== THE TASK ==
Shown below is a listing with pictures; reproduce exactly, and only, the lines between the ones containing "Triple Threat Customs" and "二手豪爵铃木GSX250R", inclusive, leaving the pictures out.

== INPUT MATERIAL ==
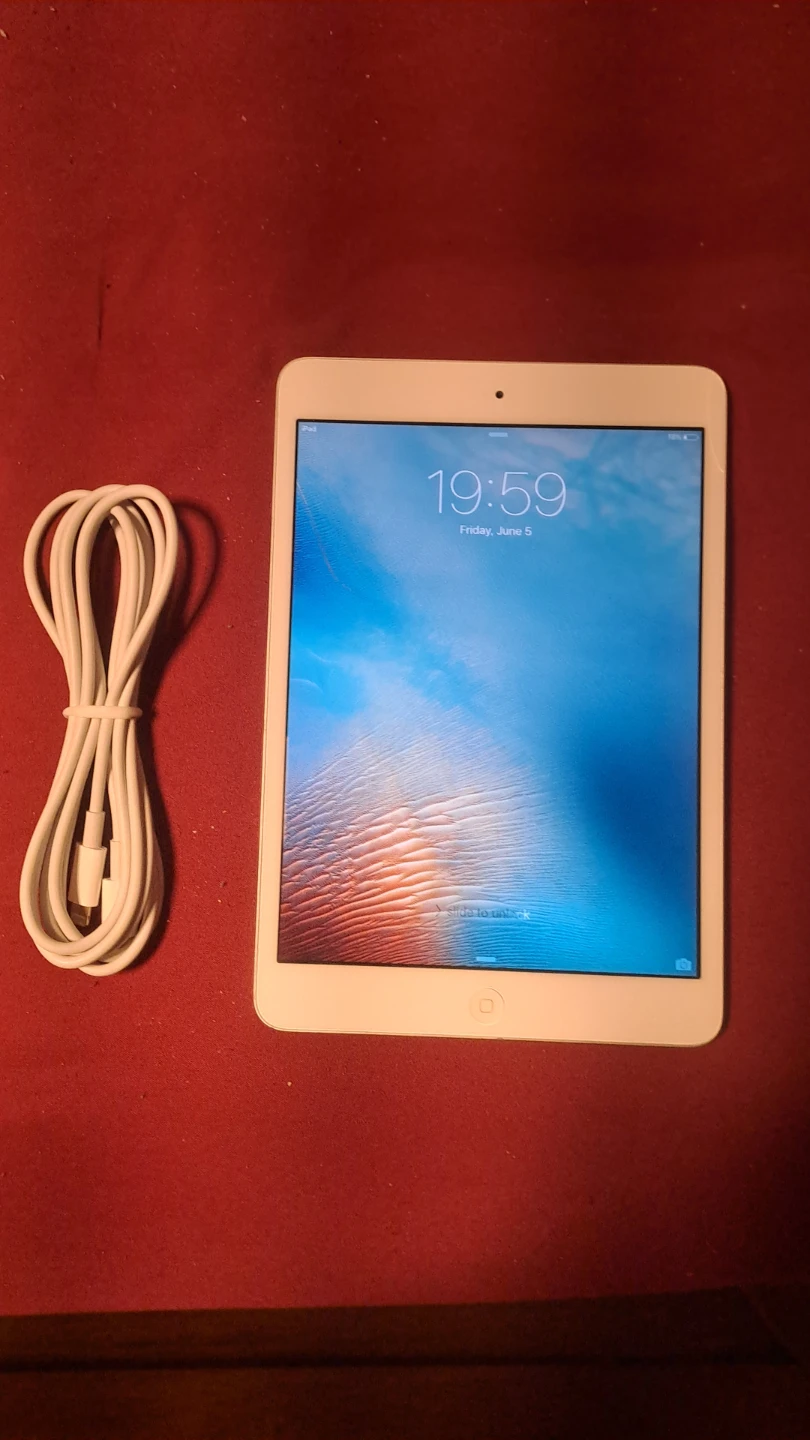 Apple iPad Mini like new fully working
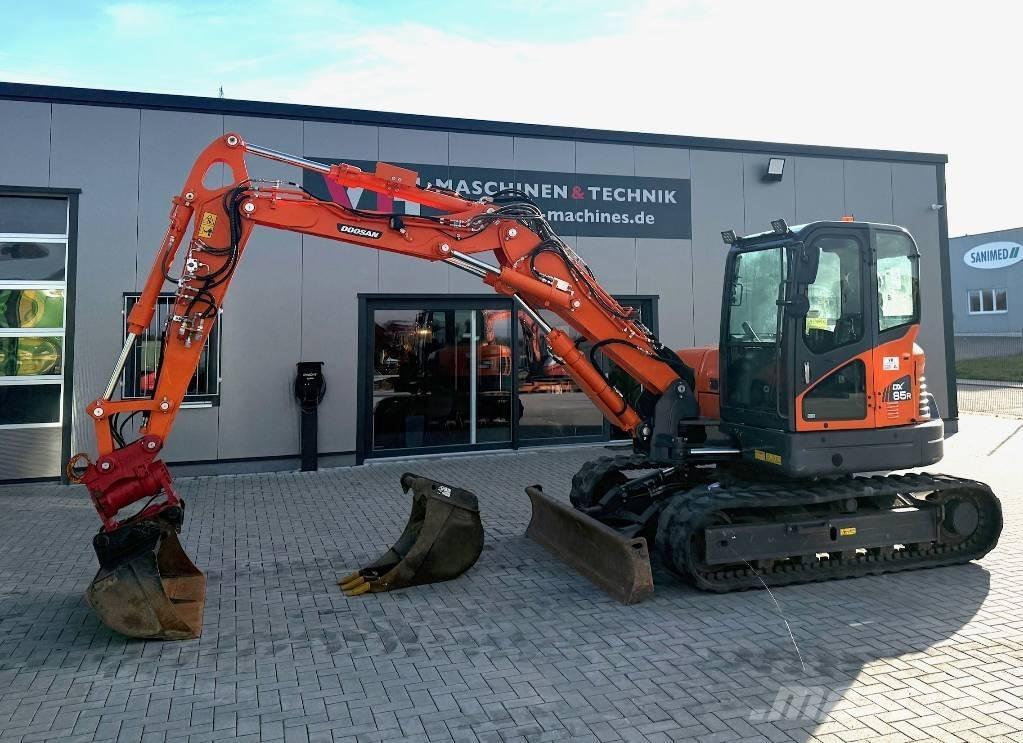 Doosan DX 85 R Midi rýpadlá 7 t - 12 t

--

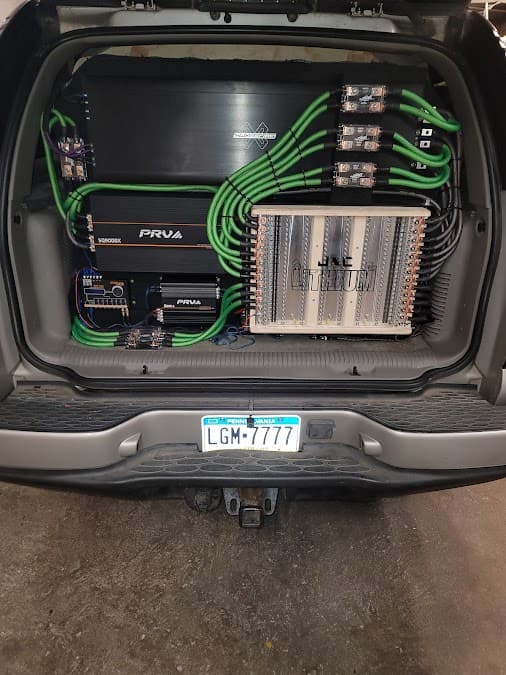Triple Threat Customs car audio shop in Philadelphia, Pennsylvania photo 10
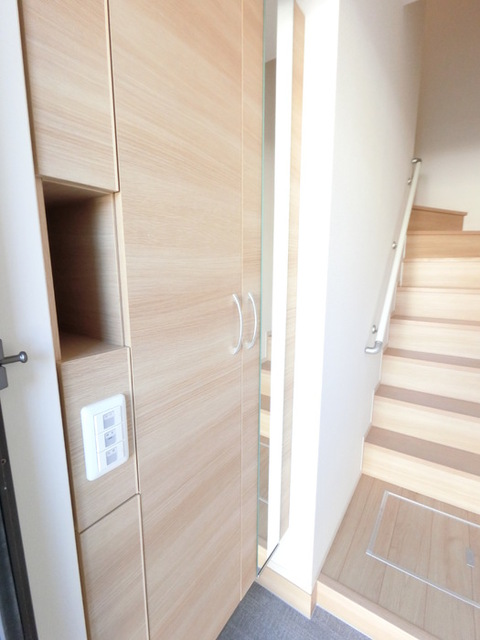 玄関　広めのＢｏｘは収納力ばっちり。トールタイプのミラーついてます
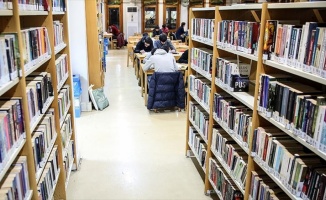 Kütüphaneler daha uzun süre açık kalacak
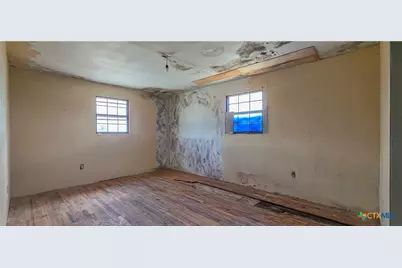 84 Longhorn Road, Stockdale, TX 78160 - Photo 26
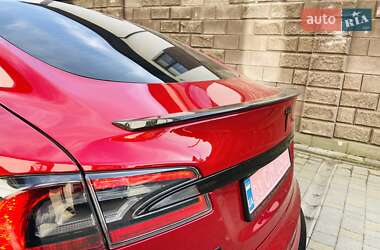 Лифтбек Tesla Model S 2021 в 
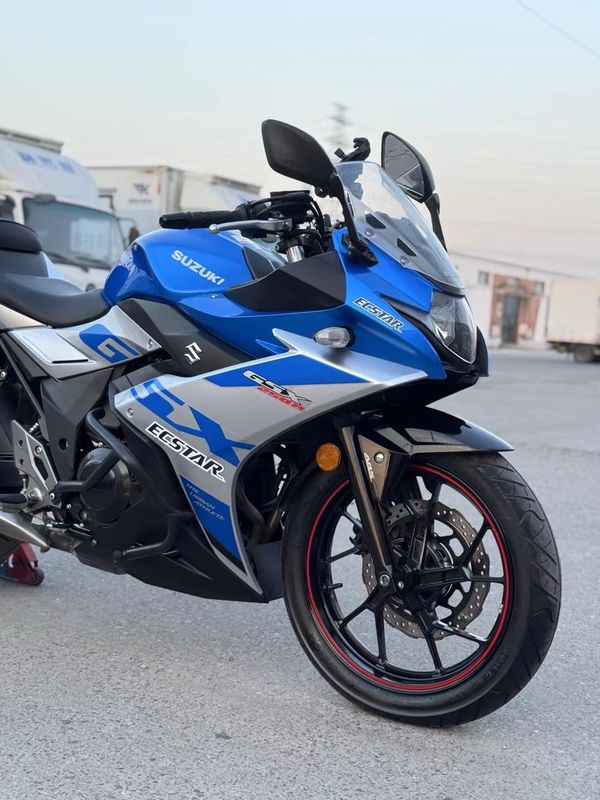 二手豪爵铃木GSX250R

* * *

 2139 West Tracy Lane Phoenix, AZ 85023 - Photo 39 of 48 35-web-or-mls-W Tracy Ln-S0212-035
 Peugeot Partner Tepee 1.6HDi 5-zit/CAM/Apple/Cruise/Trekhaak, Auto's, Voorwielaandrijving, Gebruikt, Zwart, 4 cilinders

== YOUR SOLUTION ==
Triple Threat Customs car audio shop in Philadelphia, Pennsylvania photo 10
 玄関　広めのＢｏｘは収納力ばっちり。トールタイプのミラーついてます
 Kütüphaneler daha uzun süre açık kalacak
 84 Longhorn Road, Stockdale, TX 78160 - Photo 26
 Лифтбек Tesla Model S 2021 в 
 二手豪爵铃木GSX250R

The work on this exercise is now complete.